Python in Excel Functions

Excel
Python
Learn about the new BOARDFLARE.RUNPY function and how we’ve aligned our API with Microsoft’s Python in Excel for better code compatibility.
Published

October 22, 2024

Python in Excel Functions

Since we launched Boardflare’s Python for Excel add-in over a month ago, we’ve heard from users that they would like to see more pre-made Python functions that they can use as-is or modify to suit their needs. As we’ve started buiding out a collection of Python functions, we realized that we could align our API with Microsoft’s Python in Excel so that the same code could be used in both with minimal modification.

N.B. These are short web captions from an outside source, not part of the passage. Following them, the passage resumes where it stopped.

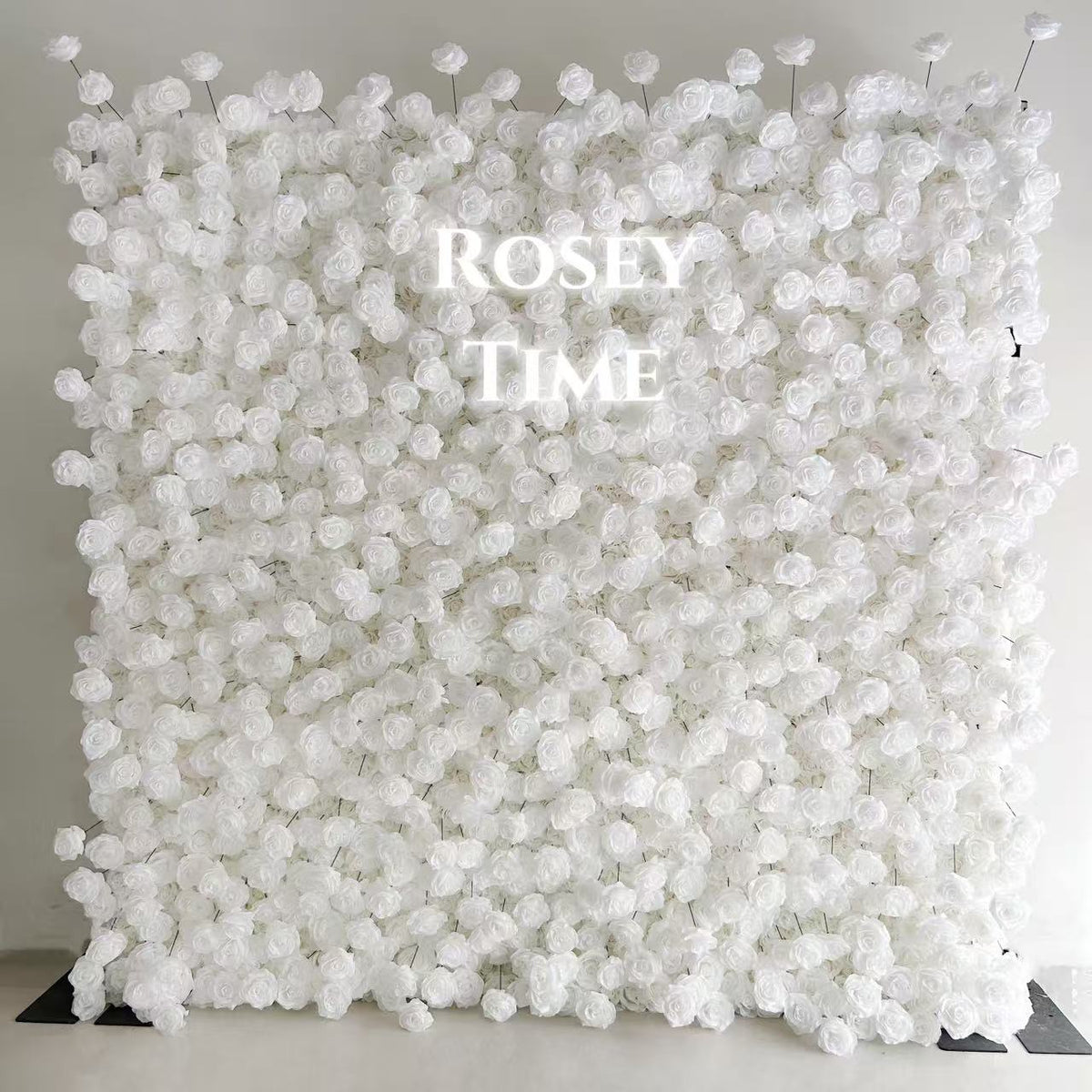 💥BF Sale: 3D White Roses Flower Wall Roll Up Fabric Back #RTW033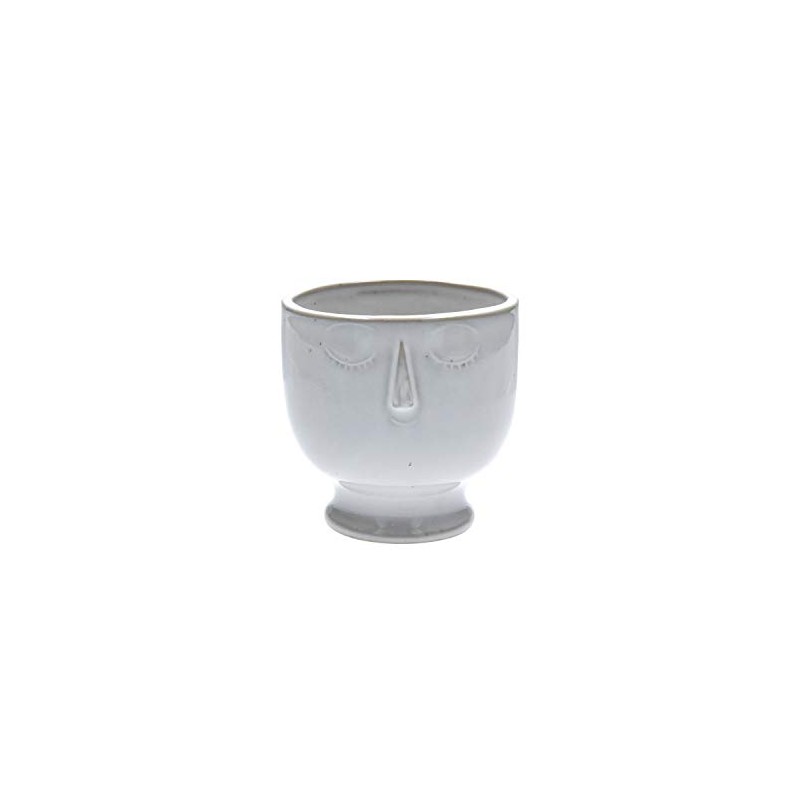 Gisela Graham Glazed Round Face Design Pot Cover, Large, White,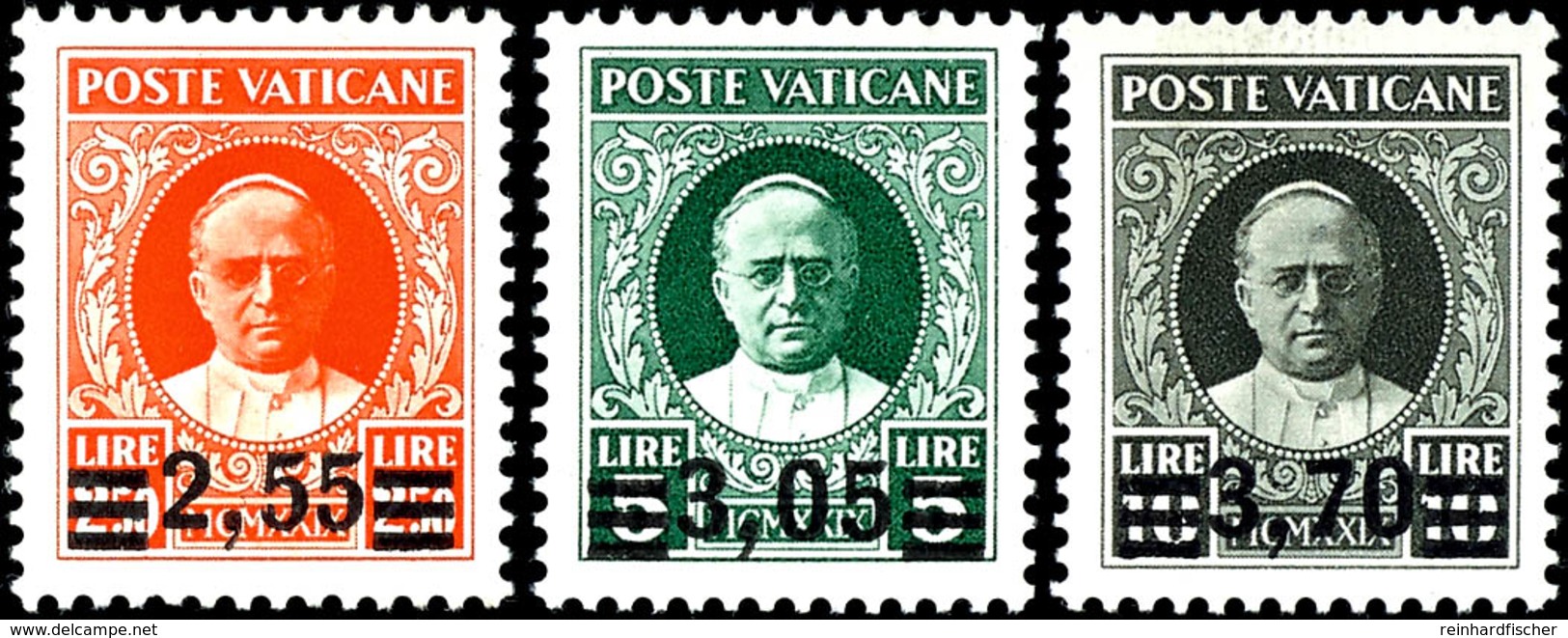 40 C. Bis 3.70 L. Aufdruck Auf Papst Pius XI., Kompletter Satz Mit 6 Werten, Tadellos Postfrisch, Gepr. Diena (bis Auf D - Other & Unclassified
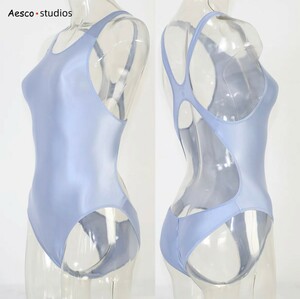 AESCO genuine products .. swimsuit half minute bag ero leather lustre s Beth be light blue 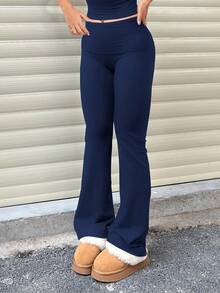 2pcs/Set Trouser Style Yoga Pants For Women Elastic Waist Gym Workout Flare Leggings Casual High Waisted Bootcut Yoga Pants - 藏藍色+黑色 - 查看 4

🆕 BOARDFLARE.RUNPY function

To achieve compatibility with Python in Excel, we’ve introduced a new BOARDFLARE.RUNPY function that handles both scalar and array inputs and outputs, and therefore replaces the original BOARDFLARE.PY and BOARDFLARE.PY.ARRfunctions which are now deprecated. We chose the name RUNPY to reduce potential confusion with Excel’s PY feature and we are not that creative with names.

Like Python in Excel, BOARDFLARE.RUNPY now converts Excel arrays into pandas DataFrames. It also returns the value of the last expression in the Python code, instead of using pyout as the output variable. This approach not only aligns with Python in Excel, but also with Jupyter notebooks.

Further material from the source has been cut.